Exercise instructions >> Return exactly the lines of the entries, from the one with "Señales Viales Reguladoras" to the last.

Source material >>
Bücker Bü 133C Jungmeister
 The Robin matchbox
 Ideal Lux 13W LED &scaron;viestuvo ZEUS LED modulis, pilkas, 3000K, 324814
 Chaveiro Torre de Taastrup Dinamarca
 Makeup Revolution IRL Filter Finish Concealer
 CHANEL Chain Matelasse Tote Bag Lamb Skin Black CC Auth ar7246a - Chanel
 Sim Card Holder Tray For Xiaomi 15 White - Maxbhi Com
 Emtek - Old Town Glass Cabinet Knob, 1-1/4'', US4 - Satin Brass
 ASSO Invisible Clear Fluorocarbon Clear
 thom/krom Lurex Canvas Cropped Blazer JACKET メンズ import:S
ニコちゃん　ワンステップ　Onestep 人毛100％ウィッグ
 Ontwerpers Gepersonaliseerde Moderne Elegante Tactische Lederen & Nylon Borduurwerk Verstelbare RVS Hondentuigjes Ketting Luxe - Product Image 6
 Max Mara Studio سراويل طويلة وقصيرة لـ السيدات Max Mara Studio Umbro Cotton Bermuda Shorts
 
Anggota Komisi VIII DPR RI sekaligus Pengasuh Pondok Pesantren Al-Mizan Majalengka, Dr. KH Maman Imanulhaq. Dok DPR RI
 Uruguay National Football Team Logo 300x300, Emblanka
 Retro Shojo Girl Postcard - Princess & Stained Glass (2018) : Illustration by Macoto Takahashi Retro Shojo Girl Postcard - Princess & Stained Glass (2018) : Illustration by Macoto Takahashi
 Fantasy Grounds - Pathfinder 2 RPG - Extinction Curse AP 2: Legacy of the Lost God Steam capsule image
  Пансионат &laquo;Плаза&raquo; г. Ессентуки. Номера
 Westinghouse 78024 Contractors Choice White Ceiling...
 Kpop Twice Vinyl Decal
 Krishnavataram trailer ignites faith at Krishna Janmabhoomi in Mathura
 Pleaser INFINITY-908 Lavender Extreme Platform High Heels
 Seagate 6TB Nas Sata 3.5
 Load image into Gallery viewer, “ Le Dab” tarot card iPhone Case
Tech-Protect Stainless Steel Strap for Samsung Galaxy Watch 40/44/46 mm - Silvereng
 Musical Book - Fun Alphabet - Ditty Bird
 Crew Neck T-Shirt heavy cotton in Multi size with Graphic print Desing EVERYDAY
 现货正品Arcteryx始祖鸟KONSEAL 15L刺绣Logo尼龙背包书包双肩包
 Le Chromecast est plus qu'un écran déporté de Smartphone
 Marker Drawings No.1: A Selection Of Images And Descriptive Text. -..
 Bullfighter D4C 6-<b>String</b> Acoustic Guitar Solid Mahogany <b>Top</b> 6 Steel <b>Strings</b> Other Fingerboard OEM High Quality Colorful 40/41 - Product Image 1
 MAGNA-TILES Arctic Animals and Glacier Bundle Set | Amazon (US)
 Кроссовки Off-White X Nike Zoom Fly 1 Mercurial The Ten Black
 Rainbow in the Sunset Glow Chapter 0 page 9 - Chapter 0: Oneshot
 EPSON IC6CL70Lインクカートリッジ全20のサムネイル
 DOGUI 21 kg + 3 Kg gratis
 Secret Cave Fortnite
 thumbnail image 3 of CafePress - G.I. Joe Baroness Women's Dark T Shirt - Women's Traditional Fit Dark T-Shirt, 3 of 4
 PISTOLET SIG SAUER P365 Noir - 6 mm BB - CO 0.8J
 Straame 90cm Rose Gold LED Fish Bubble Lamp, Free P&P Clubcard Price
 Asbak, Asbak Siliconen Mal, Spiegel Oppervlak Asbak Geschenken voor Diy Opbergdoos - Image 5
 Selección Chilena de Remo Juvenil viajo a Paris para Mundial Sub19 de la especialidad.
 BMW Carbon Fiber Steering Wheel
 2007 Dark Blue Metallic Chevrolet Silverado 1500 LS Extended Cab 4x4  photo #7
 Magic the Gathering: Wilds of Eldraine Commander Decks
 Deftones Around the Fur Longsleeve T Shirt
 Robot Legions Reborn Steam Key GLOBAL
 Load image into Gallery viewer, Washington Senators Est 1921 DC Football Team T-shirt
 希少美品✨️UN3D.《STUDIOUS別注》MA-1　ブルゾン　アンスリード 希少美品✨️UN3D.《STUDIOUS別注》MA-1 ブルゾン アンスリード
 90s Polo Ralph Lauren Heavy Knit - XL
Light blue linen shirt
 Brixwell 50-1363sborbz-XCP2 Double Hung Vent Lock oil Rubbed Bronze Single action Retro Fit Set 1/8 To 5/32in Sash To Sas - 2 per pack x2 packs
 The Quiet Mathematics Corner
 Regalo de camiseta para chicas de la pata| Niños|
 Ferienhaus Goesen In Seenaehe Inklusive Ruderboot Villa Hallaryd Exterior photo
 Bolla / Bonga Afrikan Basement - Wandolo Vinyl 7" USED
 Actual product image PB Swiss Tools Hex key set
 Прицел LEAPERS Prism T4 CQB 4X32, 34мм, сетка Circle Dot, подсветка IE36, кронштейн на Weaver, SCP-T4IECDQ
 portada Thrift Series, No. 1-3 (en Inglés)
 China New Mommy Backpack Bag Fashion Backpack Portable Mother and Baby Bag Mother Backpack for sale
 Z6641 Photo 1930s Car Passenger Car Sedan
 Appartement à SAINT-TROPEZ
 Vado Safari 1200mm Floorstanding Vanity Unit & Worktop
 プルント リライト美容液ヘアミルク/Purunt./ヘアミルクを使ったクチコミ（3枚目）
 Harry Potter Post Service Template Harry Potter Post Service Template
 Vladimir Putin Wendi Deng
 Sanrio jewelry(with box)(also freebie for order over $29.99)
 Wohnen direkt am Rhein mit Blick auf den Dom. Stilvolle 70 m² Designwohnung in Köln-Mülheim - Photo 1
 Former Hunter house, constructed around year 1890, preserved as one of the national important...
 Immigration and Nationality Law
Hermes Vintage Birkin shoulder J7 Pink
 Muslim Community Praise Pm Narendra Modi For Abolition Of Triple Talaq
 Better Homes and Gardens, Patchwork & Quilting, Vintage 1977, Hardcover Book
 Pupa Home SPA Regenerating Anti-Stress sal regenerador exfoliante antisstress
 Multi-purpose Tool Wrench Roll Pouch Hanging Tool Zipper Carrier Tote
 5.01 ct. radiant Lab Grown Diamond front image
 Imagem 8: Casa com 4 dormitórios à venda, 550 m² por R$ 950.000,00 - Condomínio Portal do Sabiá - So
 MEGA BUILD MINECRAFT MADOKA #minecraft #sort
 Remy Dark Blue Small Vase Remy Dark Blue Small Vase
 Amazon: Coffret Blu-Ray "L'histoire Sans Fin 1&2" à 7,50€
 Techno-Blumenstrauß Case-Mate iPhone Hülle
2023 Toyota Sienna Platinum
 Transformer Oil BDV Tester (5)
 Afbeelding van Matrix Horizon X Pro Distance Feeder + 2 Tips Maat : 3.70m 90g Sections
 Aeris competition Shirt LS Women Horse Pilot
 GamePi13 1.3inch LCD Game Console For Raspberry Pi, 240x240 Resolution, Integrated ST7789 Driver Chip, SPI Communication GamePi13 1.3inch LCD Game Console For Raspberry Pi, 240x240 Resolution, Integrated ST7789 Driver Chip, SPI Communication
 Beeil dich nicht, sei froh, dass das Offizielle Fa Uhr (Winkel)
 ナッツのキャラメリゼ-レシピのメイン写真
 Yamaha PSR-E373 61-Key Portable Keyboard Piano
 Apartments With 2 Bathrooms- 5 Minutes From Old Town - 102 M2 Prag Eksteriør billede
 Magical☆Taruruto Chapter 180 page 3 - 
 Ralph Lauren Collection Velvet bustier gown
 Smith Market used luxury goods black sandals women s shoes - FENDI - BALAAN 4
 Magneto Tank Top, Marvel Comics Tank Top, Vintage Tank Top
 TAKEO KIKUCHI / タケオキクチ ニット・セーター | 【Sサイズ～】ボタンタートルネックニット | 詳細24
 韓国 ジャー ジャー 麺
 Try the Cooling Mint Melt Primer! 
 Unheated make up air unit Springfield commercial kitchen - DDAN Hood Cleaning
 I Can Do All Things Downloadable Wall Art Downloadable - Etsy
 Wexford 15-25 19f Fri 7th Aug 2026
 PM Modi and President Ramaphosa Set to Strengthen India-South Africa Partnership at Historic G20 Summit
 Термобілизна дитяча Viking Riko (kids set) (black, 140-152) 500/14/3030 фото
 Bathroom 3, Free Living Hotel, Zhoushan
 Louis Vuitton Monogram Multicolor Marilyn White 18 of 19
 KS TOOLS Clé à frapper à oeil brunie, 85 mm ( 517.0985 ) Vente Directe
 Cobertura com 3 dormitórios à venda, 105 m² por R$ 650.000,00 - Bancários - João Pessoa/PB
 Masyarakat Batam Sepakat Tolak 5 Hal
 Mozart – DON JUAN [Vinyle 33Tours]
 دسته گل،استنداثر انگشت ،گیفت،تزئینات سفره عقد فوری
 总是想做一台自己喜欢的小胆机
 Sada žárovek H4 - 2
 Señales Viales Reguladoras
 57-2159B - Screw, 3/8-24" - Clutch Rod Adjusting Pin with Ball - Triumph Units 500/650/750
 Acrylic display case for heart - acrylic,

Reply >>
 Señales Viales Reguladoras
 57-2159B - Screw, 3/8-24" - Clutch Rod Adjusting Pin with Ball - Triumph Units 500/650/750
 Acrylic display case for heart - acrylic,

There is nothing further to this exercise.